The cables have three main connection points:

  • Host adapter attaches to the motherboard’s PATA controller
  • Drive connector attaches to the back of a storage drive
  • Middle connector links multiple storage drives together

PATA supports both master and slave drive configurations. One drive is attached as master to the end of the cable, while additional drives daisy-chain off the middle connector as slaves.

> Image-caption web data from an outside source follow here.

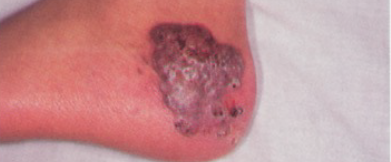 Granulomatous plaque of cutaneous aspergillosis on the left foot of a 13-year-old patient with Chronic Granulomatous Disease (CGD).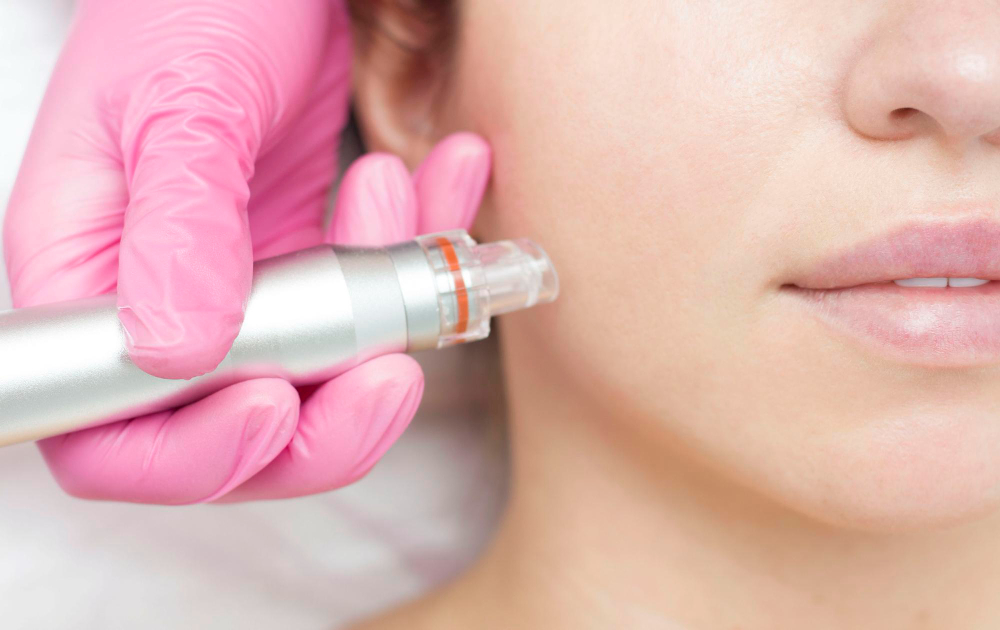 Professionnelle en gants roses qui réalise un traitement plasma fibroblaste sur la joue et le cou d'une patiente en clinique.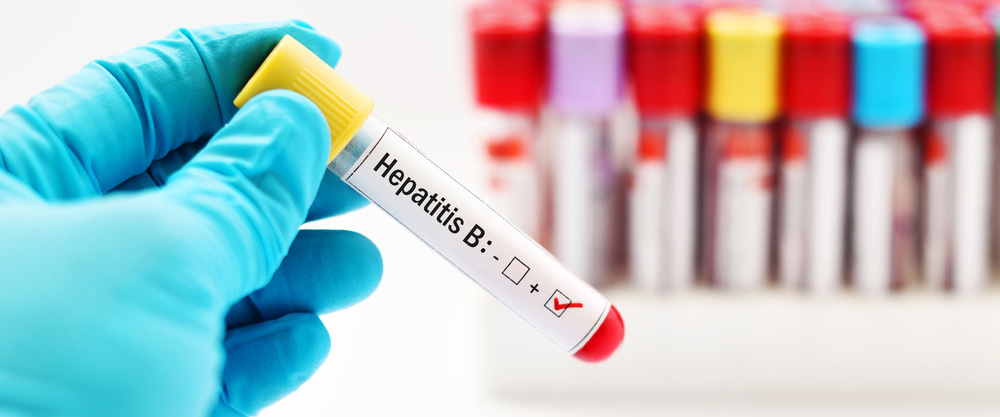 Hepatit B Antikor testi (Anti HBS) image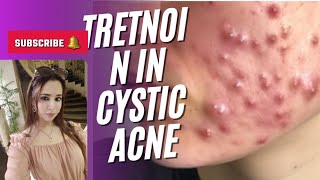 Use of isotretinoin in cystic acne [upl. by Nerro]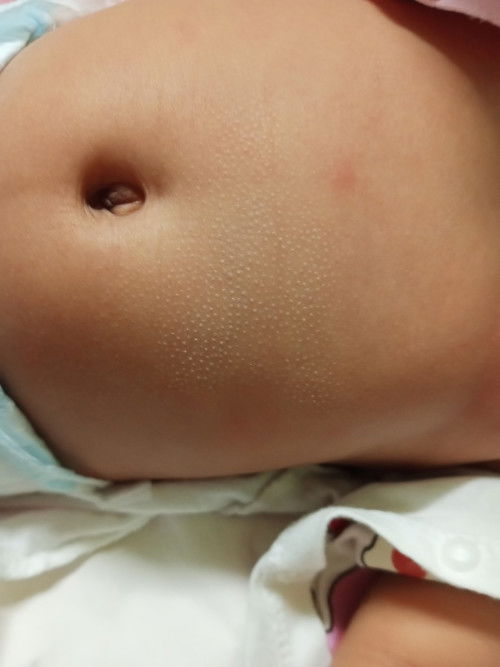Bintik2 di perut baby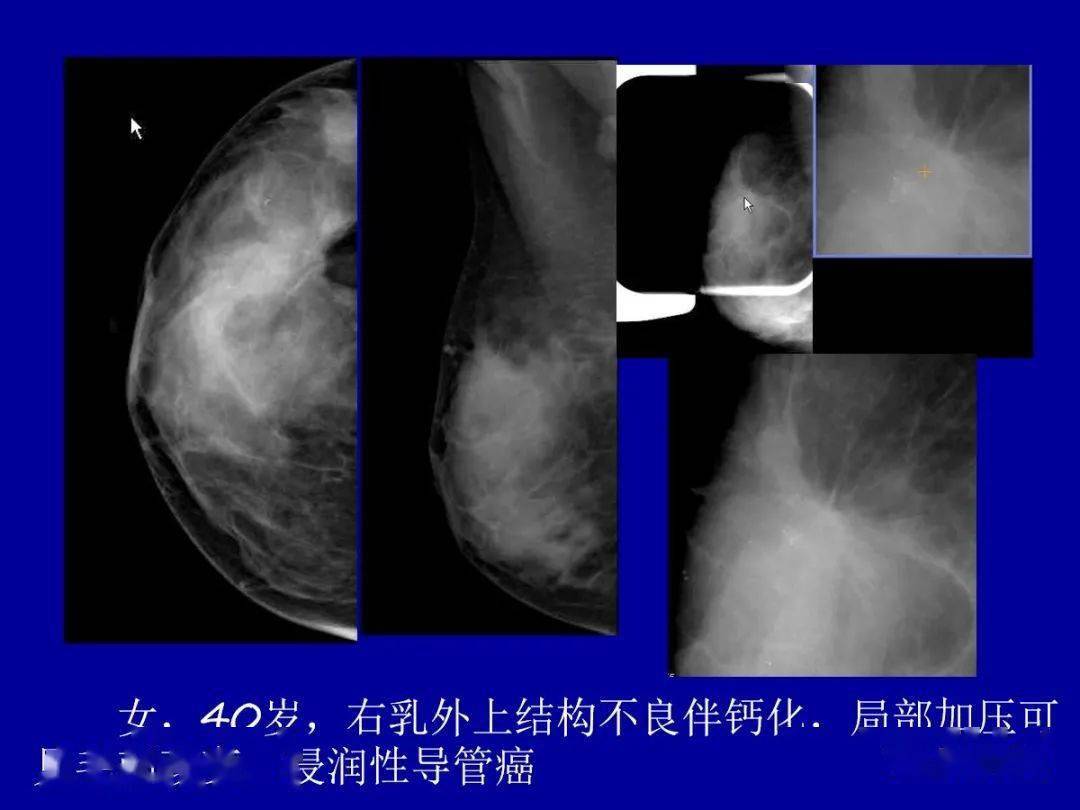 乳腺癌的影像診斷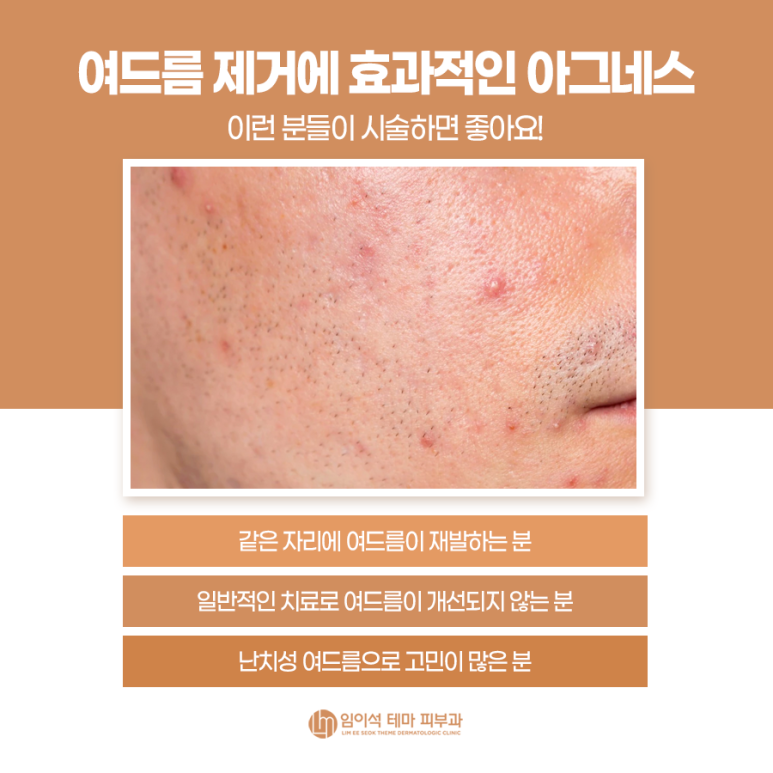 임이석 테마피부과 NEW 시술 & 인기 레이저 관련 이미지 6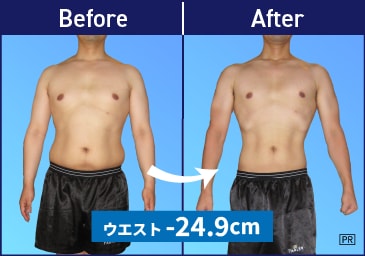 Before After 例 ウエスト マイナス24.9cm！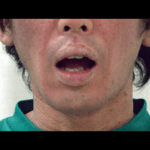 Thumbnail of new posts 004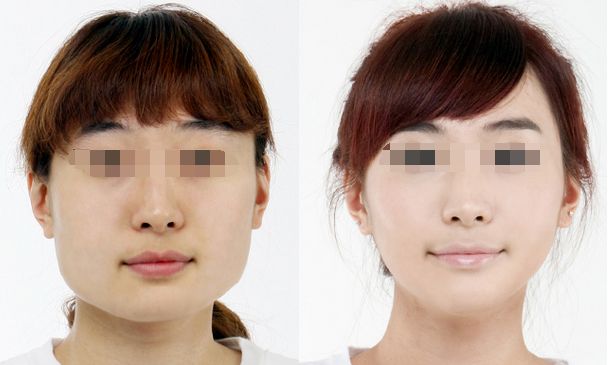 楊冪劉愷威傳授唇部護(hù)理秘訣，打造嬌嫩雙唇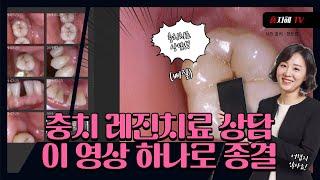 충치치료 레진 상담하셔야 한다면, 이번 영상으로 고민 끝!!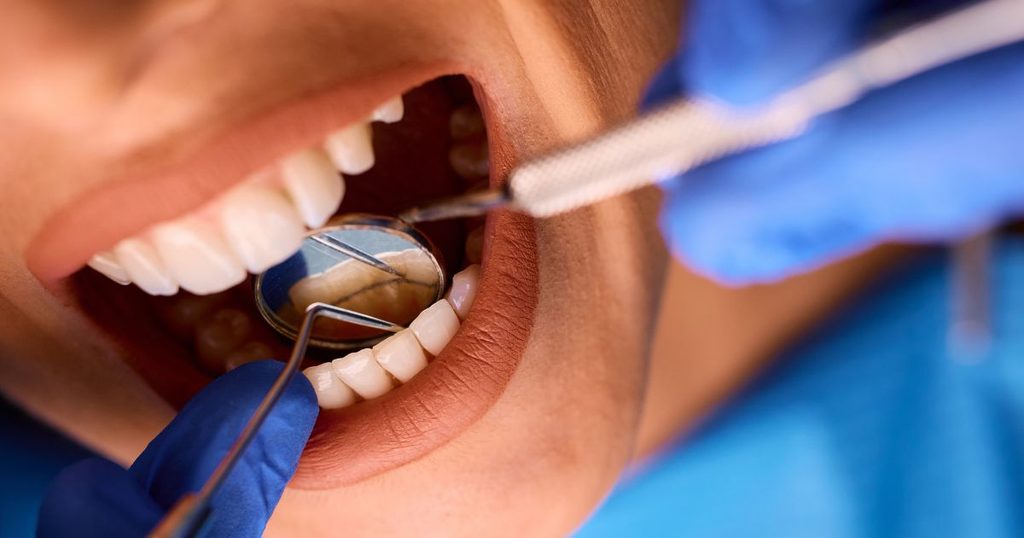 Limpieza dental profesional en City Clinic Marbella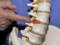 Intervertebral hernia: effective treatment without surgery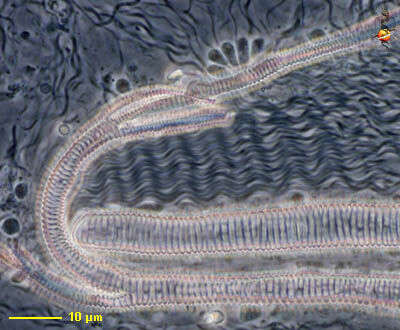 Motile Bacteria with Fine Flagella and Spiral Bodies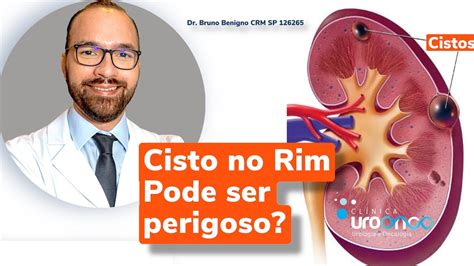 Cisto no Rim: Cuidados, Tratamentos e Prevenção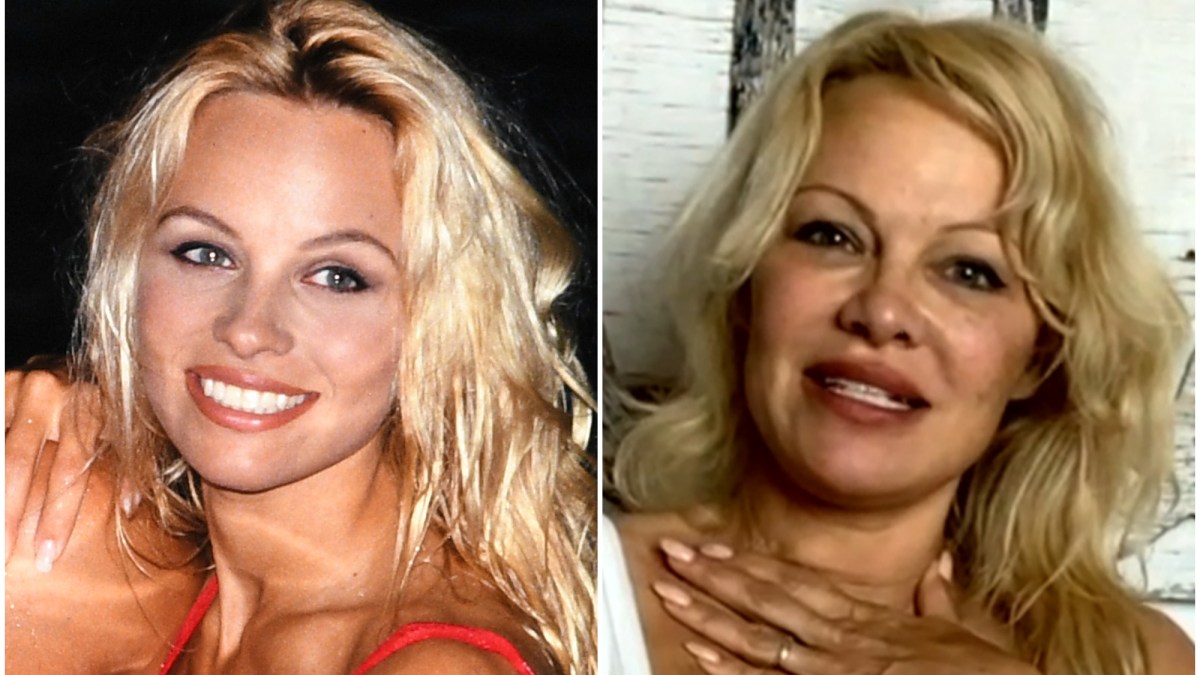 Pamela Anderson Plastic Surgery See Before And After Photos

The cable wires are grouped into several bus lanes for different signals:

  • 16 data lanes for actual storage data transfer
  • Control lanes for registers, timings, device selection
  • Ground wires to reduce interference

When data is sent over PATA, 16 bits travel over the data lanes simultaneously. Control information is sent over separate control lanes.

Conclusion

While the PATA interface is now functionally obsolete, the ATA standard itself remains highly relevant even as it evolves from parallel to serial implementations. PATA provided huge benefits for many years by standardizing how storage devices integrated with computer systems.

ATA continues powering new technologies like SATA and NVMe that push speed and performance boundaries, while maintaining software compatibility. So while PATA itself is fading into history, its legacy lives on through each new generation of the ATA standard.

ATA has proven to be one of the most long-lived and adaptable computer interface standards, powering revolutionary changes in storage technology over three decades and counting.